Bien avant l’arrivée de St Augustin, l’empire Romain était embarrassé par les évènements en Numidie qui ont pris l’allure d’une véritable révolte sociale. Devant une telle  situation  , un édit impérial  de tolérance a été promulgué en 321 en faveur d’une liberté de conscience . En réalité cette décision, en dehors de son aspect religieux, reconnait implicitement l’esprit indépendantiste du donatiste  marqué par le refus de l’injustice sociale générée par l’occupation étrangère. Ce mouvement  « religieux » de type socio-politique a gagné la confiance des berbères des campagnes permettant la prolifération des évêchés donatistes  entre 330 et 411, atteignant 400 évêques en 394. Considérée comme un mouvement des saints et des pauvres, le donatisme pris place au niveau des campagnes où la misère et l’esclavage étaient bien ancrés à travers les domaines des propriétaires terriens berbéro-romains. Les circoncellions, les ouvriers berbères de la terre, soumis souvent  à l’esclavage par les colons berbéro-romains ont trouvé dans l’église donatiste, le refuge des pauvres et la religion des opprimés. Pour beaucoup d’historiens contemporains d’obédience catholique, ils considèrent les circoncellions comme l’aile extrémiste du mouvement donatiste, et en même temps les donatistes comme des extrémistes de l’église catholique impériale (schismatiques).A ce titre Claude Lepelley président des études augustiniennes(1987-200) a mentionné dans son étude intitulée « Iuvenes et circoncellions : Les derniers sacrifices humains de l’Afrique antique » : « …Les circoncellions, aile extrémiste du parti donatiste, avaient répandu  le trouble dans  les campagnes.. » La réaction de notre antique Augustin, même si son aspect demeure religieux, elle est imbibée de l’odeur impériale purement politique. Notre antique compatriote adressa en 417, juste après la conférence de Carthage de 411 où il s’est manifestement distingué par sa farouche opposition au dialogue des donatistes, une lettre au tribun militaire et future comte d’Afrique Bonifatius lui suggérant l’emploi de la force publique contre les donatistes et la confiscation de leur lieu de culte.

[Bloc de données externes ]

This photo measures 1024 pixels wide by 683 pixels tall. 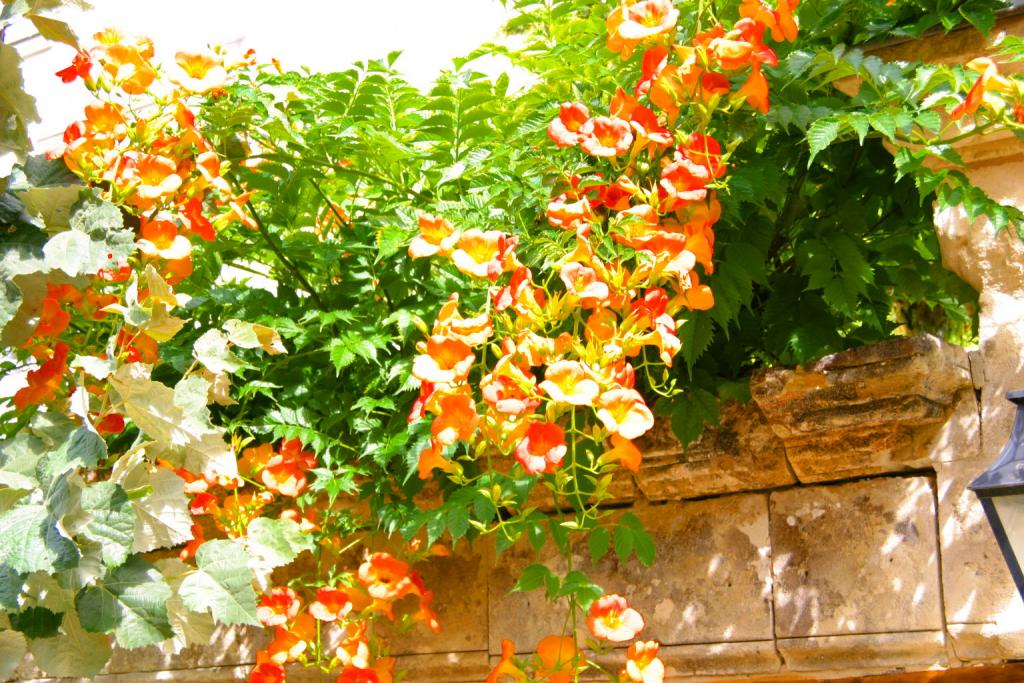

Pus tard, en 418, St Augustin accula l’évêque donatiste EMERITUS de Césarée (Cherchell), qui était orateur à la conférence de Carthage, à la retraite de toute vie publique, et ce, après un débat auquel il le convia à Césarée même. Dans  le chapitre XX  du «  traité de l’unité de l’église » rédigé par St Augustin, intitulé : Les donatistes ne doivent pas se plaindre des persécutions dirigées contre eux. On réprime les violences des leurs, on cherche à les tirer de l’erreur et à les ramener à la vérité, on note : « 53. Quant aux persécutions dirigées contre vous (donatistes), vous cesserez de vous plaindre si vous songez, si vous comprenez d’abord que toute persécution n’est point coupable. Autrement  on ne pourrait louer cette parole : « Je persécutais celui qui, en secret, calomniait son prochain »….L’apôtre ne dit-il pas : « Celui qui résiste au pouvoir résiste à l’ordre établi par dieu …. » Une position du saint Africain, pendant la polémique avec les donatistes, met à mal même ses apologistes les plus convaincus, et renseigne sur l’instinct politique profond de l’enfant de Taghaste de Numidie, loin de l’âme du pardon, de charité et d’humilité de la foi chrétienne. St Augustin formula un principe redoutable : «la nécessité de la terreur utile exercée par les pouvoirs publics pour ramener «le front du refus», c’est-à-dire les donatistes à l’orthodoxie et empêcher les faibles de s’en écarter». Un tel comportement pourrait s’expliquer de la part d’une autorité politique dans le cadre d’une «raison d’état», mais ne peut être admis dans un cadre religieux, car il constitue une véritable incitation aux persécutions et aux massacres, qui plus est de ses compatriotes. Finalement, l’église impériale s’est impliquée à travers un numide pour espérer faire éteindre le sentiment « national » de la coalition donatistes-cieconcellions. Au contraire ce mouvement unique dans l’histoire de l’humanité a bien préparé (sans le vouloir) la pénétration de l’islam en Numidie et Maurétanie. La Numidie a enfanté deux évêques Donat et St Augustin. L’histoire retiendra deux lectures différentes selon les itinéraires de chacun, mais une seule conclusion est à retenir : l’Empire Romain a réussi avec ST AUGUSTIN de Thagaste, là où il ne pouvait pas réussir avec DONAT des Negrine.
Bibliographie:
-Histoire de l’Afrique du Nord (C.A. Julien).Editions SNED 1978
– Ala Miliaria (S.Gsell).Editeur E.Leroux-Paris-1899
– Histoire religieuse de l’Algérie (C.E. Chitour).Editions Casbah-2004-
– Génèse de l’Occident Chrétien (R. Tournain – Paris, l’Harmattan – 2001).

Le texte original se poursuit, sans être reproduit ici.